::: Task inputs
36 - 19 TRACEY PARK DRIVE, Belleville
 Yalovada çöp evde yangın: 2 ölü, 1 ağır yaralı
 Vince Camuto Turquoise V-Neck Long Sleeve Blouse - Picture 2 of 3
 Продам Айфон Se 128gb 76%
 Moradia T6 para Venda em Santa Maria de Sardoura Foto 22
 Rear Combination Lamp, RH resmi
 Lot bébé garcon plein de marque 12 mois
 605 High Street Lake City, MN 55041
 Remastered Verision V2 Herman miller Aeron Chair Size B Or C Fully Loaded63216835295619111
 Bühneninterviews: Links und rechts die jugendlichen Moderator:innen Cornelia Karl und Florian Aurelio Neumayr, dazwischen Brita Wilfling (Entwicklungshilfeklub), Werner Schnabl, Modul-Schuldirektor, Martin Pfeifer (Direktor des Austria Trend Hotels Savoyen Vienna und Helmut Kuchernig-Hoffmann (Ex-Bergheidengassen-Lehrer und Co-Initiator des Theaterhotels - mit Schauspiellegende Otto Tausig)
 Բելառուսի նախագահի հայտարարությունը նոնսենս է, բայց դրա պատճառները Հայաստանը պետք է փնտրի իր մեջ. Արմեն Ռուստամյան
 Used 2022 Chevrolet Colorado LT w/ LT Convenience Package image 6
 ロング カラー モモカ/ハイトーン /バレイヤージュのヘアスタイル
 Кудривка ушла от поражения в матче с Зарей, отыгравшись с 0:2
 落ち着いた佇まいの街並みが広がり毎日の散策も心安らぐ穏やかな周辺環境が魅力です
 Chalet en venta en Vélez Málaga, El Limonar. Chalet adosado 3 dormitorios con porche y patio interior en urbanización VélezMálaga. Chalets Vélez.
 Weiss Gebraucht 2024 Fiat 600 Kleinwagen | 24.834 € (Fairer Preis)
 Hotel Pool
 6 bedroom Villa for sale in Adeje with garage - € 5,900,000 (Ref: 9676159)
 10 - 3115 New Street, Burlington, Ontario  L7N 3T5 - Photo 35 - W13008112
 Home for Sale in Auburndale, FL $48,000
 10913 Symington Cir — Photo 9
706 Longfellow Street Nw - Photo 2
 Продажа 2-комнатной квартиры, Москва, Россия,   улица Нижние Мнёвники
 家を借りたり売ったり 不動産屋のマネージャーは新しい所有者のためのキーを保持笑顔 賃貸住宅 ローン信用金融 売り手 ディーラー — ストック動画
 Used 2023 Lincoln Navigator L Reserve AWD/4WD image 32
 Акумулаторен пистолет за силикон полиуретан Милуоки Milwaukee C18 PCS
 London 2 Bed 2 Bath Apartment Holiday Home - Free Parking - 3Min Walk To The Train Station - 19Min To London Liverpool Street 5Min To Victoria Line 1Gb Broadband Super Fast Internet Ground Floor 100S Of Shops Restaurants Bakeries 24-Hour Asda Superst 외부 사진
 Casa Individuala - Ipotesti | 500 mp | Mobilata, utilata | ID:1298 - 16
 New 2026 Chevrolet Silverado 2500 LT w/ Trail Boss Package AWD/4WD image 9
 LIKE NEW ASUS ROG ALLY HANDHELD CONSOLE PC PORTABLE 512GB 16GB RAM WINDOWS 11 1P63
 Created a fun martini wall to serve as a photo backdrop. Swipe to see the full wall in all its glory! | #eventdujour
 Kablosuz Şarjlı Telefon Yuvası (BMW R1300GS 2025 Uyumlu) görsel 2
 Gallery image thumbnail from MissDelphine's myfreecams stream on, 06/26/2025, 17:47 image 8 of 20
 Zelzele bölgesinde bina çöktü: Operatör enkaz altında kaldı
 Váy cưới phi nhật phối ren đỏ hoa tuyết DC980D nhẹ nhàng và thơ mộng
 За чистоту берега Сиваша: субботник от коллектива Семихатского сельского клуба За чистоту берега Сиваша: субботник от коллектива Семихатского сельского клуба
::::::
= What you are asked to do =
Every line above is to be duplicated exactly as shown.

= Answer to this problem =
36 - 19 TRACEY PARK DRIVE, Belleville
 Yalovada çöp evde yangın: 2 ölü, 1 ağır yaralı
 Vince Camuto Turquoise V-Neck Long Sleeve Blouse - Picture 2 of 3
 Продам Айфон Se 128gb 76%
 Moradia T6 para Venda em Santa Maria de Sardoura Foto 22
 Rear Combination Lamp, RH resmi
 Lot bébé garcon plein de marque 12 mois
 605 High Street Lake City, MN 55041
 Remastered Verision V2 Herman miller Aeron Chair Size B Or C Fully Loaded63216835295619111
 Bühneninterviews: Links und rechts die jugendlichen Moderator:innen Cornelia Karl und Florian Aurelio Neumayr, dazwischen Brita Wilfling (Entwicklungshilfeklub), Werner Schnabl, Modul-Schuldirektor, Martin Pfeifer (Direktor des Austria Trend Hotels Savoyen Vienna und Helmut Kuchernig-Hoffmann (Ex-Bergheidengassen-Lehrer und Co-Initiator des Theaterhotels - mit Schauspiellegende Otto Tausig)
 Բելառուսի նախագահի հայտարարությունը նոնսենս է, բայց դրա պատճառները Հայաստանը պետք է փնտրի իր մեջ. Արմեն Ռուստամյան
 Used 2022 Chevrolet Colorado LT w/ LT Convenience Package image 6
 ロング カラー モモカ/ハイトーン /バレイヤージュのヘアスタイル
 Кудривка ушла от поражения в матче с Зарей, отыгравшись с 0:2
 落ち着いた佇まいの街並みが広がり毎日の散策も心安らぐ穏やかな周辺環境が魅力です
 Chalet en venta en Vélez Málaga, El Limonar. Chalet adosado 3 dormitorios con porche y patio interior en urbanización VélezMálaga. Chalets Vélez.
 Weiss Gebraucht 2024 Fiat 600 Kleinwagen | 24.834 € (Fairer Preis)
 Hotel Pool
 6 bedroom Villa for sale in Adeje with garage - € 5,900,000 (Ref: 9676159)
 10 - 3115 New Street, Burlington, Ontario  L7N 3T5 - Photo 35 - W13008112
 Home for Sale in Auburndale, FL $48,000
 10913 Symington Cir — Photo 9
706 Longfellow Street Nw - Photo 2
 Продажа 2-комнатной квартиры, Москва, Россия,   улица Нижние Мнёвники
 家を借りたり売ったり 不動産屋のマネージャーは新しい所有者のためのキーを保持笑顔 賃貸住宅 ローン信用金融 売り手 ディーラー — ストック動画
 Used 2023 Lincoln Navigator L Reserve AWD/4WD image 32
 Акумулаторен пистолет за силикон полиуретан Милуоки Milwaukee C18 PCS
 London 2 Bed 2 Bath Apartment Holiday Home - Free Parking - 3Min Walk To The Train Station - 19Min To London Liverpool Street 5Min To Victoria Line 1Gb Broadband Super Fast Internet Ground Floor 100S Of Shops Restaurants Bakeries 24-Hour Asda Superst 외부 사진
 Casa Individuala - Ipotesti | 500 mp | Mobilata, utilata | ID:1298 - 16
 New 2026 Chevrolet Silverado 2500 LT w/ Trail Boss Package AWD/4WD image 9
 LIKE NEW ASUS ROG ALLY HANDHELD CONSOLE PC PORTABLE 512GB 16GB RAM WINDOWS 11 1P63
 Created a fun martini wall to serve as a photo backdrop. Swipe to see the full wall in all its glory! | #eventdujour
 Kablosuz Şarjlı Telefon Yuvası (BMW R1300GS 2025 Uyumlu) görsel 2
 Gallery image thumbnail from MissDelphine's myfreecams stream on, 06/26/2025, 17:47 image 8 of 20
 Zelzele bölgesinde bina çöktü: Operatör enkaz altında kaldı
 Váy cưới phi nhật phối ren đỏ hoa tuyết DC980D nhẹ nhàng và thơ mộng
 За чистоту берега Сиваша: субботник от коллектива Семихатского сельского клуба За чистоту берега Сиваша: субботник от коллектива Семихатского сельского клуба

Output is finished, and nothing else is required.